È seguendo questa poetica che Barry ha trascorso gli ultimi mesi, viaggiando attraverso il sud del Niger, al confine con la Nigeria, nell’estremo nord del Camerun, e in Ciad, documentando la quotidianità di chi vive la crisi sulla propria pelle, ogni giorno e l’intervento di Coopi, presente da anni in questi Paesi. «Ad influenzarmi di più sono le opere del fotografo franco-algerino Bruno Boudjelal, che trovo molto commoventi e Robert Capa», ha dichiarato Abdoulaye Barry «Le sue foto della guerra civile spagnola sono una vera e propria guida per il mio lavoro artistico».

L’intervento di Coopi

Se da un lato le operazioni militari hanno ristabilito una sicurezza relativa in alcune delle città principali, che rimanevano fino a poco tempo fa inavvicinabili dagli operatori umanitari, la criticità dell’area rimane altissima e la crisi, oltre ad essere ancora lontana dall’essere risolta, secondo Unicef, continua a non ricevere la risposta necessaria in termini di aiuti. Coopi è tra le poche organizzazioni intervenute in risposta alla crisi già dal 2014, attraverso un programma regionale nei quattro Paesi colpiti dalla crisi.

Camerun

Attiva in Camerun dal 1974, COOPI ha portato avanti nel Paese numerosi progetti. Da giugno 2017, nel dipartimento Logone e Chari, nell’estremo Nord del Paese è stato avviato un progetto educativo d’emergenza, grazie al finanziamento ricevuto dall’Agenzia Italiana per la Cooperazione allo Sviluppo (AICS). Attraverso la ristrutturazione e l’equipaggiamento delle scuole, la distribuzione di manuali didattici per gli insegnanti e per gli alunni, la copertura delle spese scolastiche per 1.000 famiglie – le più vulnerabili – e l’attivazione di percorsi di formazione per gli insegnanti in pedagogia inclusiva, COOPI intende garantire il diritto all’istruzione per i bambini e ragazzi dai 5 ai 18 anni che, a causa dell’estrema povertà economica/culturale delle famiglie e dei ripetuti attacchi armati del gruppo integralista islamico Boko Haram, non hanno potuto frequentare regolarmente la scuola. A beneficiare dell’intervento 27.800 persone.
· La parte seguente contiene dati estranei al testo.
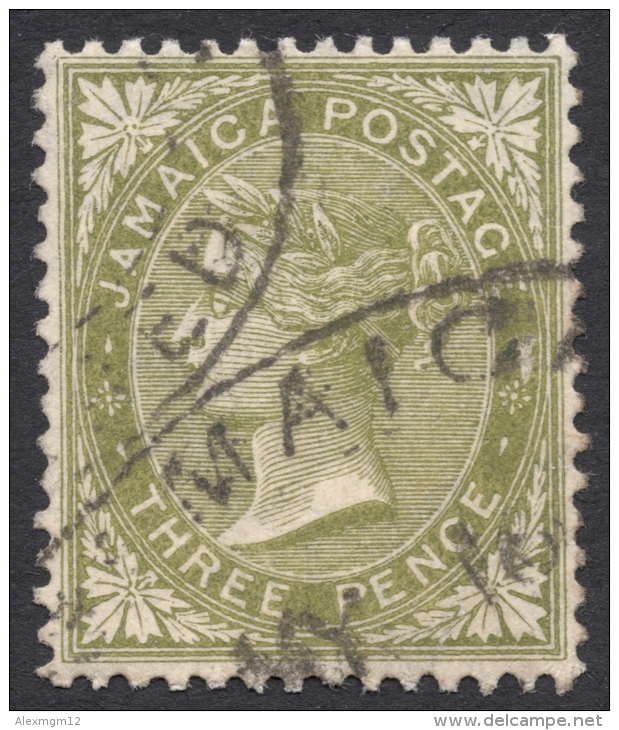 Jamaica, 3 P, 1907, Scott # 47, Used - Jamaica (...-1961)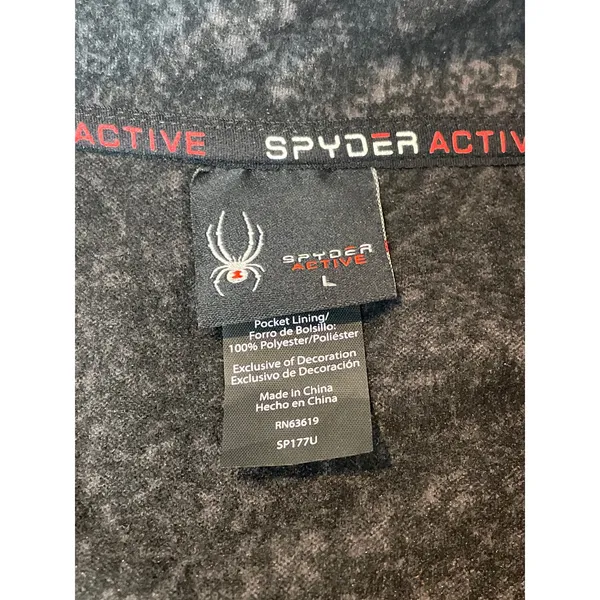 Spyder Active L Charcoal Gray Fleece Quarter‑Zip Pullover High‑Low Hem - Image 6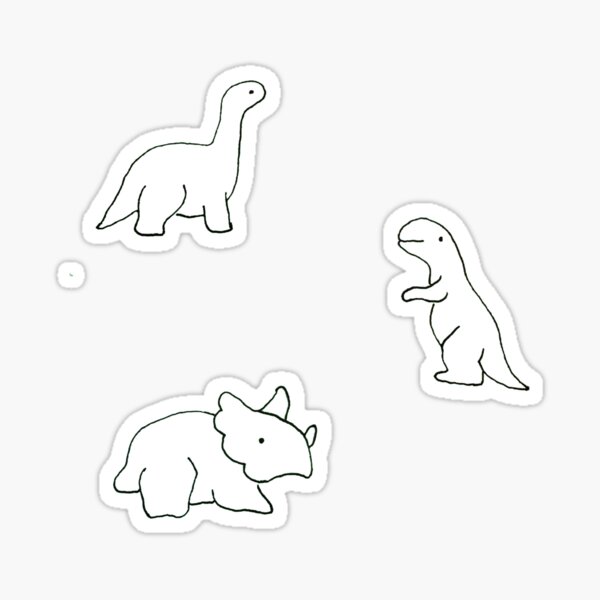 Dinosaur Stickers Printable  Black and White Dino Stickers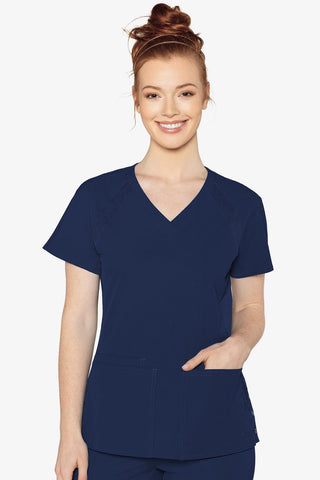 Med Couture 8470 Peaches Raglan Scrub Top - Navy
Sempre in Camerun, a Logone e Chari grazie ad Aics, Coopi ha avviato avviato un progetto d’emergenza relativo alla sicurezza alimentare e all’assistenza nutrizionale.

Il progetto punta ad aumentare la produzione per l’auto-sostentamento delle popolazioni, attraverso la distribuzione di sementi selezionate e di attrezzi agricoli, riuscendo così ad avere un impatto positivo su 20.400 persone. Un’attenzione particolare è inoltre riservata alle mamme.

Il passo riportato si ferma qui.